He woke up naked on his bathroom floor. Hamid could hear police officials sifting through his ex-wife's jewelry boxes, emptying the drawers of his child's dresser and conducting an arbitrary search of his possessions.
Like many gay Iranians, Hamid was pressured by his parents to marry a woman based on prevailing traditions in Iran. But knowing he was a gay man, he and his wife divorced, and he was soon kidnapped by local authorities because of his appearance and beaten half to death in his home. "A man with long hair is not a man," he was told by an officer of the basij, the Iranian security force. "...Of course [your wife] would divorce you."
The basij are the smallest branch of Iran's military structure. While the Islamic Revolutionary Guard Corps (IRGC) serves as the primary institution to provide internal security and law enforcement, the basij, founded by Ayatollah Khomeini following the 1979 revolution, supplement their efforts. This paramilitary force is notorious for renegade behavior and attacking LGBT Iranians.
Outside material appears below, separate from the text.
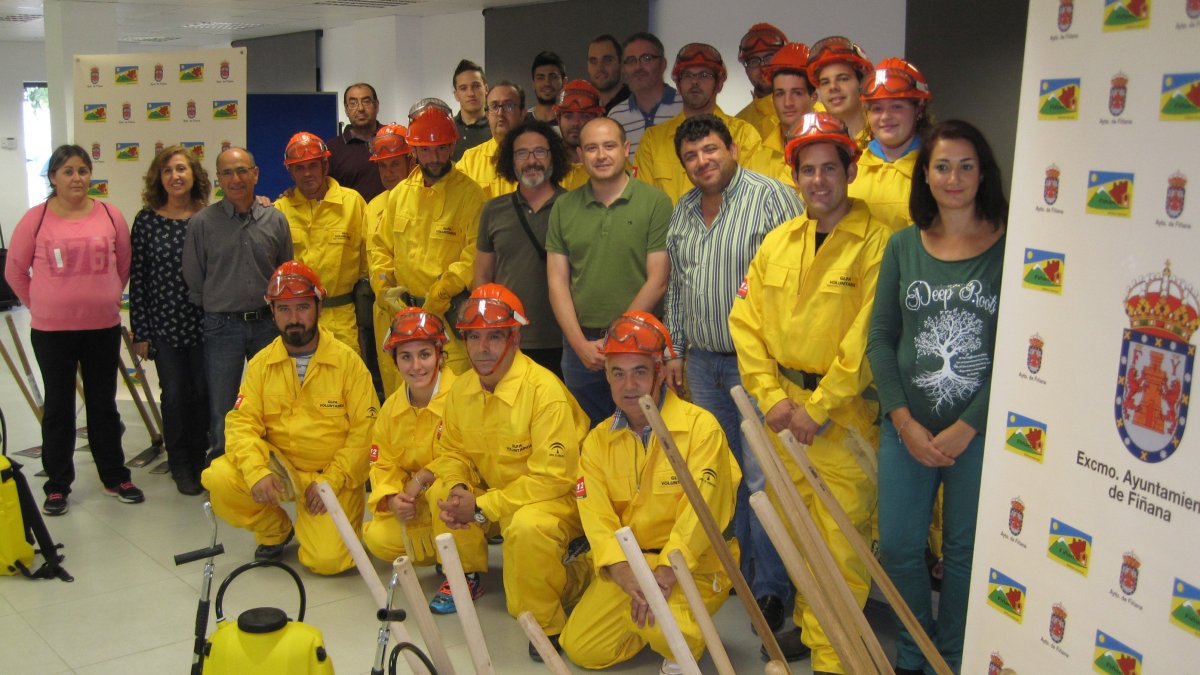 Voluntarios con el nuevo material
When Hamid woke up, the officers drove him to an abandoned building they called "the lounge of entertainment." Reeking of foul-smelling odors and covered with cockroaches, they placed him in the kitchen where government officers took turns raping and sexually assaulting him. "You've been with many men, so why not us?" he recalls them saying. Afterwards, "they took me to the courtyard of the house ... put detergent all over me and with a hose on high pressure they poured cold water over me to wash the mess they made to my body," he said.
How does one even begin to address this situation?
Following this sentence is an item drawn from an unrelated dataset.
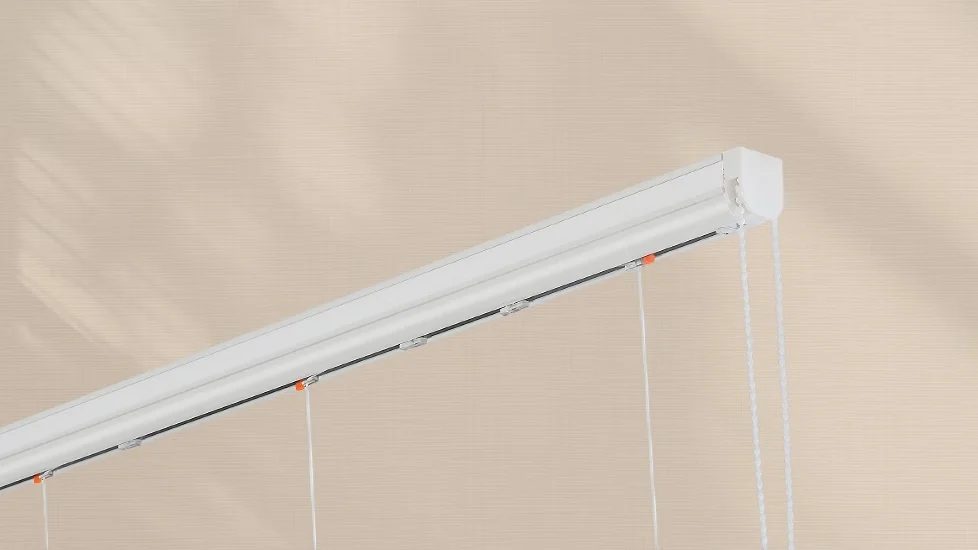 Vako 20/04 Closed roman blind system: a white closed headrail with an end cap on the right, a bead chain and thin cords hanging from it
There are countless stories just like Hamid's, many well documented in the Human Rights Watch report "Iran: Discrimination and Violence Against Sexual Minorities." Case after case reveals arbitrary arrest and kidnappings, horrific incidence of torture and abuse of LGBT persons by government security officials. Making this situation even more untenable is a penal system that give judges the flexibility to ignore facts when trying individuals without enough evidence to convict them of sexual crimes. As pointed out by the IGLHRC, when there is insufficient evidence to convict an individual of sexual crimes judges "may use [their] knowledge, in a deductive process based on the evidence that already exists, to determine whether the crime took place or not. Unfortunately, the excessive use of this principle means that rather than paying attention to evidence, the judge often sentences defendants to death based on his speculations."
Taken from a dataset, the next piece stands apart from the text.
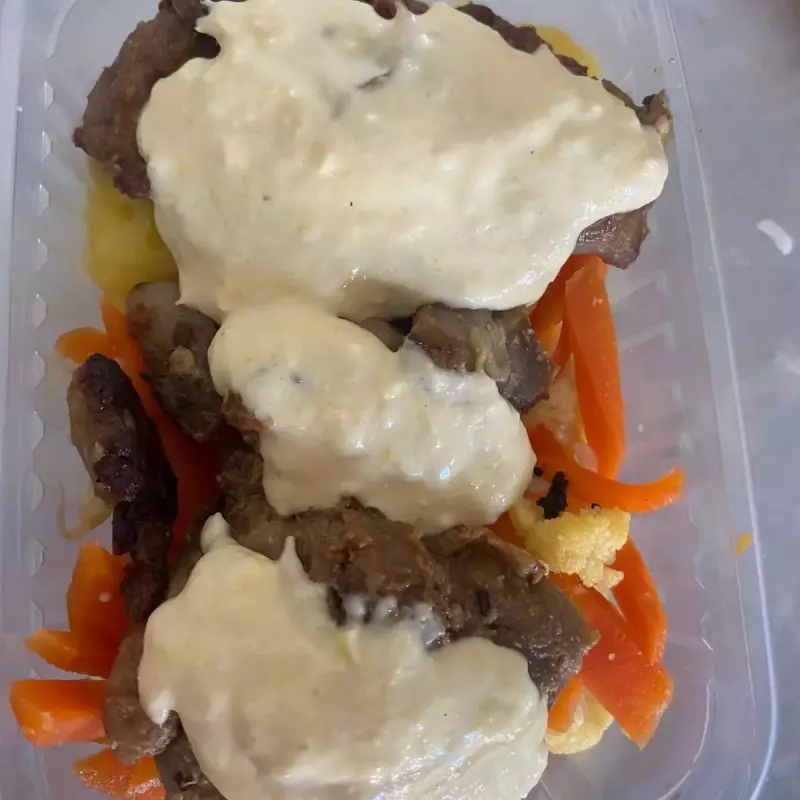 Filé de coxa com creme de milho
In Hamid's case, he endured hours of physical and sexual abuse. Before he was let go, the basij forced him to sign and fingerprint a "confession" under torture stating he had sexual intercourse with another man. These types of confessions are consistently coerced out of LGBT persons so that judges can convict them and "determine" how they should enforce some of the Iranian Penal Code's directives:
Not only do these directives lack any legitimate protections of human rights, but Iran is a signatory of the International Covenant on Civil and Political Rights (ICCPR), which makes it illegal to apply the death penalty for homosexuality or the private sexual relations between consenting adults. The state is also a signatory of the Convention on the Rights of the Child, which prohibits the killing of people under 18 at the time they committed an offense. Despite these realities, Iran continues to convict sexual minorities and young people, which has lead to the reckless killings of thousands.
"I fear for everyone who is living in Iran, because their fate is dependent on a set of inhumane laws and such people who draw pleasure in hurting human life," said Saghi Ghahraman, an exile from Iran and president of the Iranian Queer Organization. She has worked for years in her Canadian-headquarters to support LGBT communities back home, since she was exiled decades ago. She knows first-hand that there are virtually no legal or political systems in place for a member of the LGBT community to seek justice in Iran.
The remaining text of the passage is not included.